> [TASK STATEMENT] Retype nothing except the lines below from the one with "VW T4, снимка" through the one with "2023 Jeep Grand Cherokee Laredo", exactly, with images left out.

> [INPUT FOR THIS TASK]
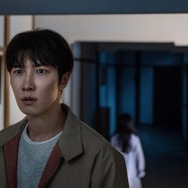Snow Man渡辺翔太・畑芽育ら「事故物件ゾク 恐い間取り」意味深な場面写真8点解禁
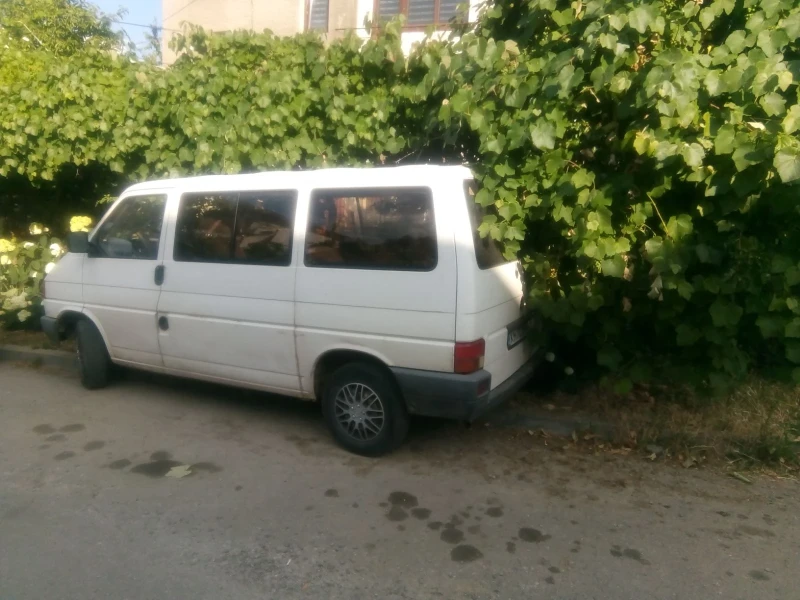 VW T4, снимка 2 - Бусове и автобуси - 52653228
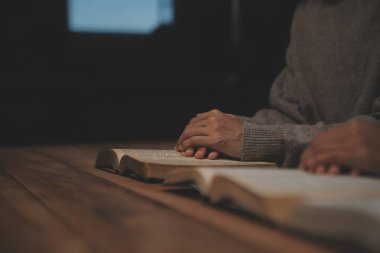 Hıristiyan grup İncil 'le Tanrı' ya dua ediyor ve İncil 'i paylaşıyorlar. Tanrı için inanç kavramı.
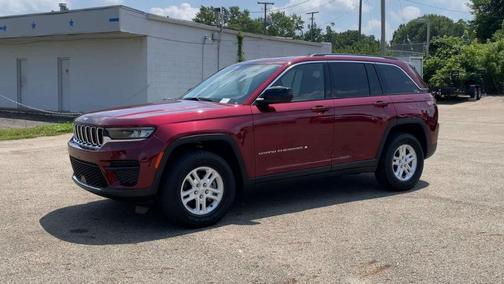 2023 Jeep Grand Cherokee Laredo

---

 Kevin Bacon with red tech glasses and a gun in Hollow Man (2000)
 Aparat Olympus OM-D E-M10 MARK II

--

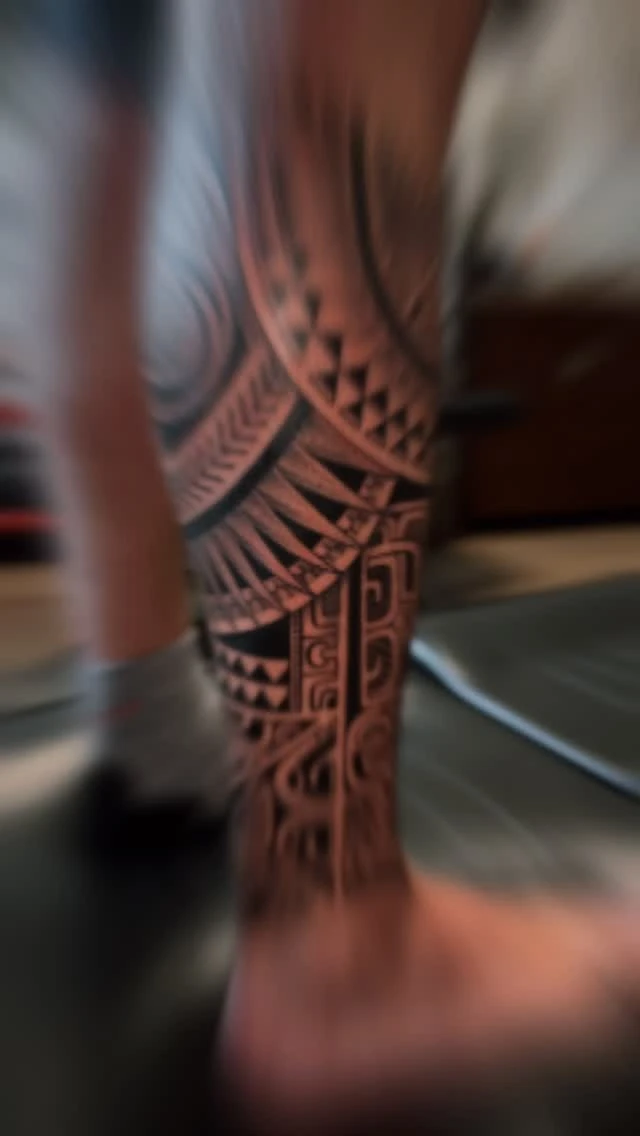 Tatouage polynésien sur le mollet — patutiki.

> [REPLY TO THE EXERCISE]
 VW T4, снимка 2 - Бусове и автобуси - 52653228
 Hıristiyan grup İncil 'le Tanrı' ya dua ediyor ve İncil 'i paylaşıyorlar. Tanrı için inanç kavramı.
 2023 Jeep Grand Cherokee Laredo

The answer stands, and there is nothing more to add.